Присмиревшая молодежь слушала его оторопело. Иные и вовсе отодвигались подальше, не веря услышанному, наивно полагая, что все это не более чем розыгрыш, шутка умом пошатнувшегося странника. И даже улыбались глумливо.
И лишь один Аглаид думал о чем-то сосредоточенно, жадно всматриваясь в лицо Киприана, словно стараясь запомнить его навек. Когда же тот закончил свой рассказ, вновь пригубил из кубка и, преломив сочную мякоть смоквы, предложил выйти прочь.

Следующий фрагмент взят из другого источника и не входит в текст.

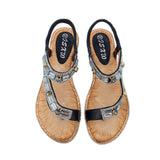 Ladies Shoes Boho Women's Sandals Blue Plaid Flats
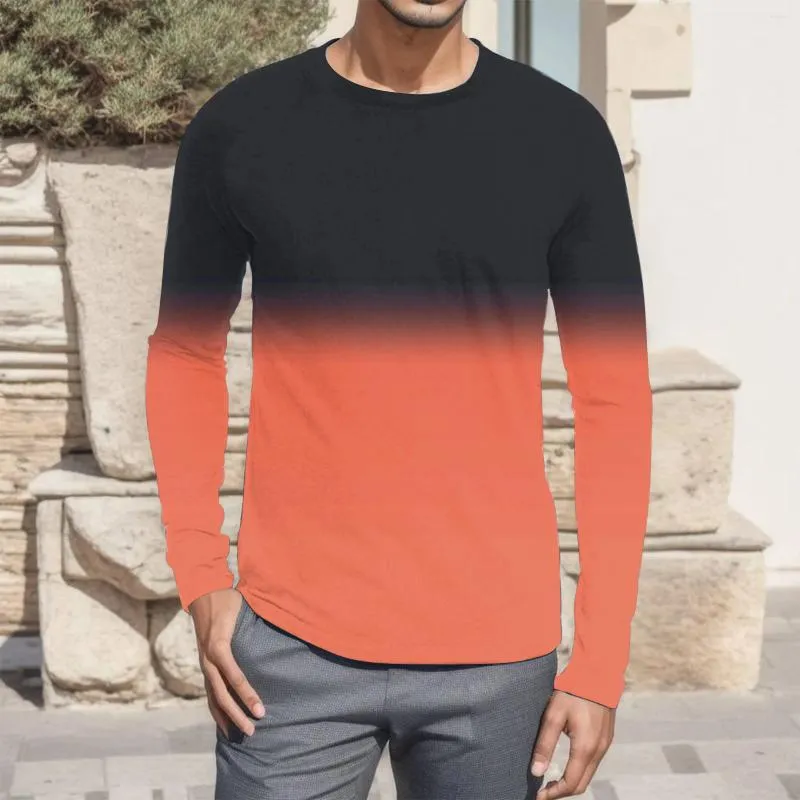 T-shirts pour hommes T-shirts dégradés Chemise à manches longues T-shirt à col rond T-shirt pour hommes Lâche Mince Streetwear Dailywear Ropa Hombre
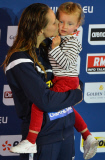 Laure Manaudou and Manon during the European swimming Championships - Chartres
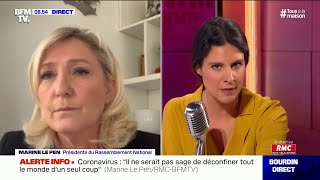 Marine Le Pen présidente du RN, était l'invitée d'Apolline de Malherbe sur RMC et BFMTV - 03/04/2020 Marine Le Pen présidente du RN, était l'invitée d'Apolline de Malherbe sur RMC et BFMTV - 03/04/2020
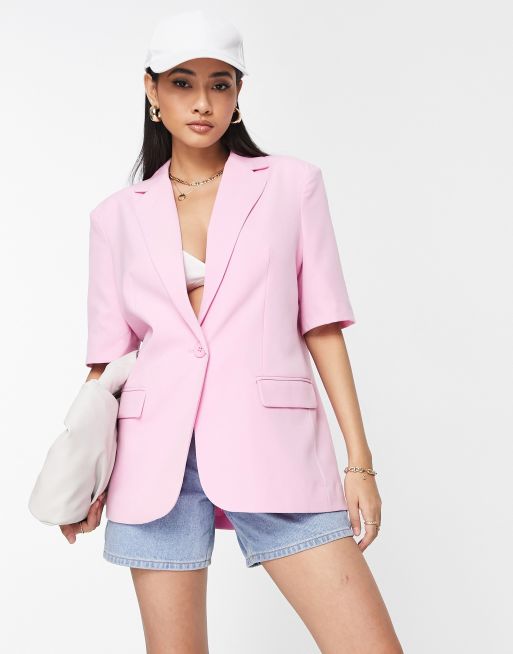 Vero Moda – Różowa dopasowana marynarka garniturowa z krótkimi rękawami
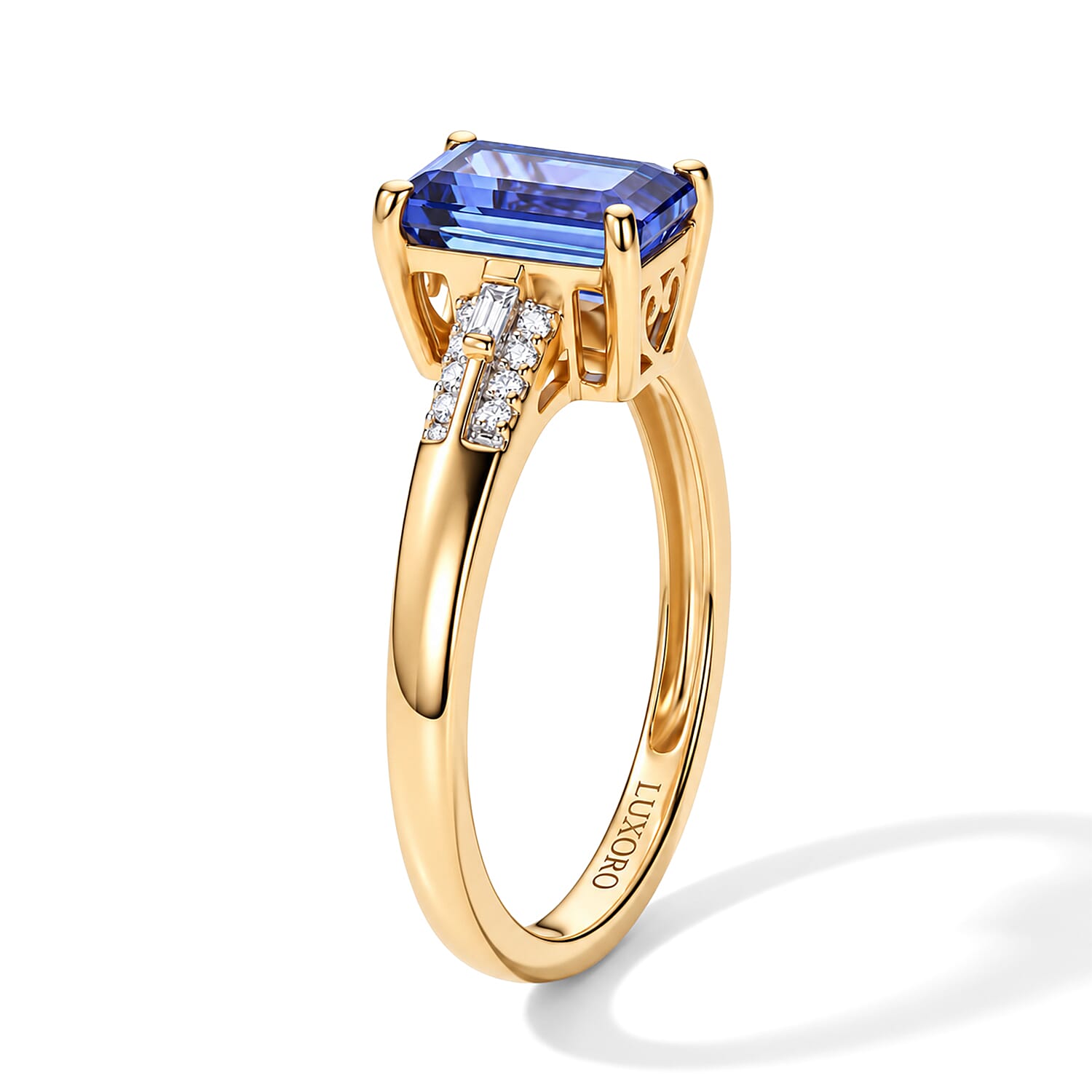 Luxoro Premium Tanzanite and Diamond I2 1.35 ctw Ring in 10K Yellow Gold (Size 7.0)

Здесь, возле топкого пруда, чьи земноводные обитатели уготовились к ночным серенадам, юноша упал на колени и произнес:
– Вижу, только ты и в силах помочь моему горю. Поверь, ни злата, ни драгоценных камней я не пожалею, лишь бы ты согласился силой своей колдовской разрушить чары, что опутали меня и не дают даже дышать без сердечной боли. Можешь ли ты побороть эту напасть?
– А что за напасть, досточтимый Аглаид? Ты не сказал.
– Любовь, мой друг, любовь.
Всю-то ночь до первых проблесков юной зари продолжалась вакханалия эта. С десятками кувшинов вина, которым, опьянев, даже поливали друг друга. С потешными битвами на мечах, окончившимися все же нешуточно – глубокими порезами и синяками. С плесканиями в пруду и повальным соитием на его берегах.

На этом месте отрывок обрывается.